Posts Tagged ‘forensics’

The Breathalyzer black box

“Alcohol breath tests, a linchpin of the criminal justice system, are often unreliable, a Times investigation found…. Judges in Massachusetts and New Jersey have thrown out more than 30,000 breath tests in the past 12 months alone, largely because of human errors and lax governmental oversight…. A county judge in Pennsylvania called it ‘extremely questionable’ whether any of his state’s breath tests could withstand serious scrutiny.” A wide-ranging and disturbing look at what happens when a familiar and seemingly uncontroversial technology gets put to practical forensic field use. [Stacy Cowley and Jessica Silver-Greenberg, New York Times]

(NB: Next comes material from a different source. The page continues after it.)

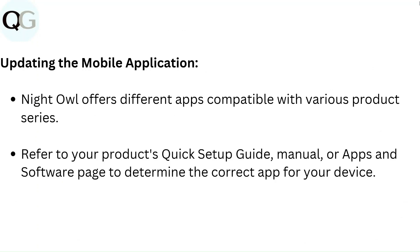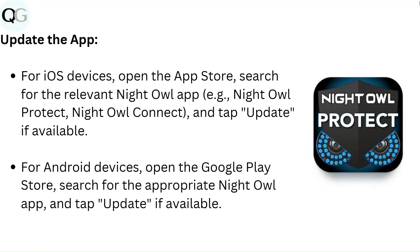To update the mobile application: Night Owl offers different apps compatible with various product series. Refer to your product's quick setup guide, manual, or apps and software page to determine the correct app for your device. For iOS devices, open the App Store, search for the relevant Night Owl app — such as Night Owl Protect or Night Owl Connect — and tap Update if available.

Handwriting forensics group: tell people to “be wary” of us? See you in court!

Institute for Justice’s “Short Circuit“: “A member of the American Board of Forensic Document Examiners writes an article for an American Bar Association journal, in which he opines that judges should trust handwriting experts certified by the ABFDE and ‘be wary of other certifying bodies.’ Board of Forensic Document Examiners: Say what! We’re an ‘other certifying body,’ and that spurious article has defamed our esteemed members. Seventh Circuit: ‘[T]he appropriate avenue for expressing a contrary point of view was through a rebuttal article, not a defamation lawsuit.'” [Board of Forensic Document Examiners v. American Bar Association]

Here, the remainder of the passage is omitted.